(INPUT DATA Opens)
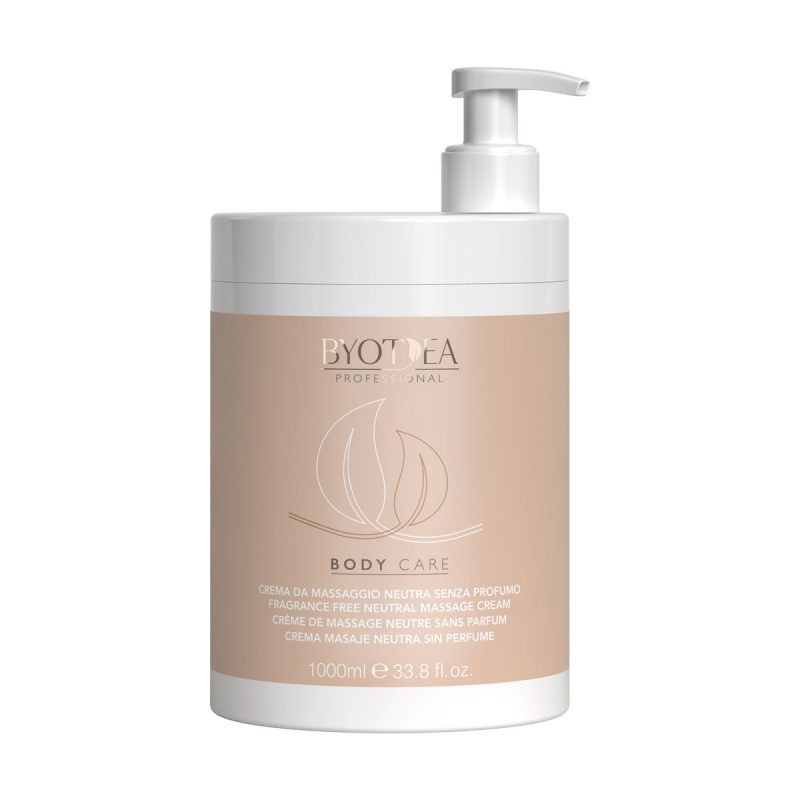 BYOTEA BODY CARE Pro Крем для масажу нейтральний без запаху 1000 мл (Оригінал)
(INPUT DATA Closes)
(INPUT DATA Opens)
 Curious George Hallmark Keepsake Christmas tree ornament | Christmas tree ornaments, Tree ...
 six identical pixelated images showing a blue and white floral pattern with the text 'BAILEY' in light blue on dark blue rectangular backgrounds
(INPUT DATA Closes)
> **TASK TO CARRY OUT**: Copy the records above exactly, beginning at the line that contains "ornaments, Tree ..." and stopping after the line that contains "six identical pixelated".

> **RESPONSE TO THIS TASK**:
 Curious George Hallmark Keepsake Christmas tree ornament | Christmas tree ornaments, Tree ...
 six identical pixelated images showing a blue and white floral pattern with the text 'BAILEY' in light blue on dark blue rectangular backgrounds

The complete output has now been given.